I love Paul Graham’sessays. Although longer than my usual reading allows the best way to read them is to star them on my google reader and read them later on the plane when I have downtime. He’s got a latest piece on the future of web startups. Dave’s got a summary but I think the main point is the “barrier to entry” is so much lower (costs, risk, etc.) that there will be a lot more startups than before. I have 3 important but different points than the ones either Dave or HipMojomake.

1. When I was at Cisco (1995+) we used to joke that Cisco purchased companies more often than we went grocery shopping. The times were good. You could buy companies with stock (Cisco’s stock was a huge premium then) and not have to worry about it. Not so any more. More companies are acquiring in mostly cash and some stock. Why? Accounting rules. Its just not possible for a lot of companies (save Google and a few others) to acquire companies for cash consistently. FAS 128 makes it difficult.

Previously, companies were required to amortize
goodwill over a long time (40 years), and this non-cash expense reduced
reported (GAAP) EPS. FAS 142 eliminates amortization and institutes an
annual impairment test. This article will briefly review the potential
impact of these changes on reported earnings. We expect the changes to
start impacting earnings by the end of 2001. 

2. The BIGGEST hurdle in doing acquisitions is the “integration” the day after. If as Paul suggests lot more companies get acquired, this creates a HUGE strain on the acquiring company.
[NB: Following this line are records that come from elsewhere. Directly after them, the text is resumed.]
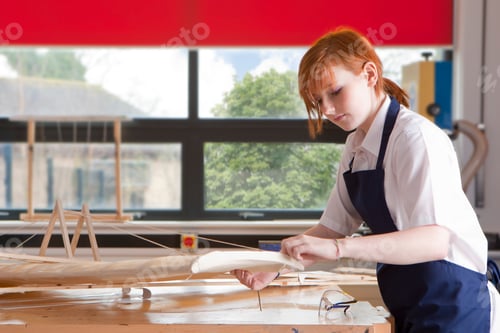 Preview: A Medium Shot Of A Young Girl Working On A Wooden Airplane Model In A Class.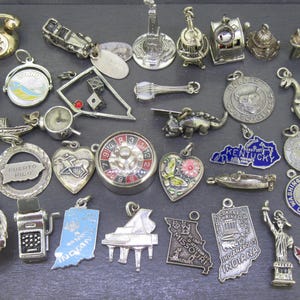 May include: A collection of silver-toned charms, including a telephone, car, guitar, slot machine, and various state and travel-themed pendants. Other charms include a roulette wheel, a heart with a butterfly, and a Statue of Liberty.
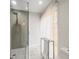 Modern bathroom with glass shower, marble floors, and a window for natural light at 12217 Snead Pl, Tampa, FL 33624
Regardless of whether you are acquiring 2 person startup or a 2000 person organization, the integration is tedious, complex and often time consuming.

3. Sourcing and having a acquisition “champion and owner“. The real power of the acquisition is after the combined entity has something valuable together (as in 1+1=10). Even at Mercury we did about 7+ (2 were extremely successful) acquisitions in 3 years and getting an executive to “own and champion” the acquisition is difficult. Not because they don’t want to do it, but more because they have a day job. Keeping the role of champion outside of the organization that wants this acquisition done is also a problem.

So, I agree the costs of starting a company are lower now, but also think if you do get a downturn the “opportunity costs” for any individual working for a $200K job at Google versus $60K + bread + water is too high. People will go back to the “safe bet” when the market does (and it will) turn for the worse.

I agree though that these are best times for entrepreneurs.